US Regulators Are Trying To Kill Crypto | Will We Survive?
Tether Absolutely Crushing Haters
While the cryptocurrency community has been engrossed in bank failures, trending meme tokens, and Layer 1 network congestion, an ongoing battle has been simmering in the background. Among the plethora of stablecoins available, Tether and USDC are the undisputed frontrunners, each quietly competing for supremacy in the crypto marketplace.
We've previously delved into both of these organizations and their associated coins, but today, our spotlight falls on Tether, particularly its Q1 2023 assurance report. Tether, much like other veteran crypto firms, has weathered a fair share of scrutiny and controversy. Now, it appears to be charting a fresh course.
Tether's report declares an "excess of reserves reaching an all-time high of $2.44B, an increase of $1.48B for the first quarter of 2023." This news underscores Tether's commitment to exceeding a 1:1 reserve ratio.
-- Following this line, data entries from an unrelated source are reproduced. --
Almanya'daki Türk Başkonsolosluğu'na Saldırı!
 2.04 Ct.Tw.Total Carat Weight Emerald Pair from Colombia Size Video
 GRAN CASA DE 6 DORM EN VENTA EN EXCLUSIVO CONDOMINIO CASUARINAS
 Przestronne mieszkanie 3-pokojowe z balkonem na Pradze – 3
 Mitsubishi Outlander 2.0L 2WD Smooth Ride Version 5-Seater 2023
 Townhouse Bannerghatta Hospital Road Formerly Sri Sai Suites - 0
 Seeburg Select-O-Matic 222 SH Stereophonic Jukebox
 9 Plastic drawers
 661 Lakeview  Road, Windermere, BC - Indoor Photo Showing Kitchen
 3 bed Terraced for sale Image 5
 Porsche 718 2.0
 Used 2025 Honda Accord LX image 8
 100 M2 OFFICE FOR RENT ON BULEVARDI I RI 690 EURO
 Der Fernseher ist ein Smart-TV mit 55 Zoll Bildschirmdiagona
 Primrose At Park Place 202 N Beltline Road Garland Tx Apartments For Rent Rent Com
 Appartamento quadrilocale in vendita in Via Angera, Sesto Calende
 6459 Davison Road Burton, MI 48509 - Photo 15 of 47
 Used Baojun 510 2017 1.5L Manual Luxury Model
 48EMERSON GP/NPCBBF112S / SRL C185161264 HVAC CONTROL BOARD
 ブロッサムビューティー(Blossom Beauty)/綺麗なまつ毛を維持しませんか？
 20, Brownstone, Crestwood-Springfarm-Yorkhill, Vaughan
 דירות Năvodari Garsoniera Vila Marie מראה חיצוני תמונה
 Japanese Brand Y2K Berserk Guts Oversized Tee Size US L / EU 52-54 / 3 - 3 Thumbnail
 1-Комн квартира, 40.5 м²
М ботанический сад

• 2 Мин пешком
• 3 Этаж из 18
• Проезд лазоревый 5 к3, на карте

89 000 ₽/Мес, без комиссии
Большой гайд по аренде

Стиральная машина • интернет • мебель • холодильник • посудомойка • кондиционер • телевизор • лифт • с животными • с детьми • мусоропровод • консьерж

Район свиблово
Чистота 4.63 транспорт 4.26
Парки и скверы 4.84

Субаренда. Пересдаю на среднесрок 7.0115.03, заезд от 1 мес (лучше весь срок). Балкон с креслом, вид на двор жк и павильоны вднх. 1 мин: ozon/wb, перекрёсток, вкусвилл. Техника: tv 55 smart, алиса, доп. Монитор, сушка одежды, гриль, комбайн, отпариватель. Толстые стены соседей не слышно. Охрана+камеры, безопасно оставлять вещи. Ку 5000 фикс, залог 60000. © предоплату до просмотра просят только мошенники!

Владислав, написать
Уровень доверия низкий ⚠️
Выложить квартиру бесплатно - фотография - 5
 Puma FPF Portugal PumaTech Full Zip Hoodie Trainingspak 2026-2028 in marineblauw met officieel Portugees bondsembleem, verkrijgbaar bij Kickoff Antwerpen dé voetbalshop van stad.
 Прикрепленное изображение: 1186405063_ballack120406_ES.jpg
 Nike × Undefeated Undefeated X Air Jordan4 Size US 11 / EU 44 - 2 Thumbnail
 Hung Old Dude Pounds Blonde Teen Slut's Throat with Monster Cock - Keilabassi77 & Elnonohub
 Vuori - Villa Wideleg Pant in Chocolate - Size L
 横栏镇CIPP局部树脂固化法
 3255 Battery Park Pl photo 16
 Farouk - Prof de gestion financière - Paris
They absolutely slayed, girl.
However, for most crypto enthusiasts, the excitement lies elsewhere – Tether is buying Bitcoin.
As of the March 31ˢᵗ report, Tether holds $1,500,064,140 worth of Bitcoin, accounting for 2% of its total reserves. From my perspective, this is a symbolic milestone, indicative of not just Tether's shift away from riskier reserves such as commercial paper, but also a testament to crypto's maturing role in the financial arena. Tether seems to be successfully carving a path that others have faltered on.
Tether has also decided to de-risk by investing in the repo market, precious metals, and corporate bonds. The image below offers a glimpse into Tether's current asset composition.
Interestingly, the credit for Tether's recent strides can be largely attributed to the Federal Reserve. Tether's soaring profits are predominantly a consequence of high yields in the bond market, courtesy of the Fed's monetary policy. The yield curve rates may not have been a hot topic lately, but they remain as lucrative as ever, as demonstrated below.
The question arises: has Tether exposed itself to fresh risks? The response is complex. My speculative take is 'probably not.' While a bond market correction is inevitable, the likelihood of a U.S. default impacting Tether significantly is dubious. The U.S. has a strong incentive to avoid a default, and Treasury obligations would likely take precedence in a default scenario.
Experts in history and economics are better equipped to tackle these subjects, so I'll leave the analysis there. However, I'm intrigued by what Tether's next move might be. One plausible scenario is a continued Bitcoin buying spree, setting an industry benchmark. Another intriguing prospect is a major crypto entity like Tether or Circle acquiring a significant bank. Adding to this intrigue is the fact that Tether manages these operations with a lean team of just 60 employees.
The takeaway here is clear: while some crypto firms may be retreating from the U.S., the most resilient ones, like Tether, are innovating and thriving. The current regulatory landscape is challenging, but not eternal, and firms are evolving to enhance their reputation and risk management under these stringent conditions. The future appears promising for crypto, and hopefully for Tether as well. Wishing you all a splendid weekend. Peace.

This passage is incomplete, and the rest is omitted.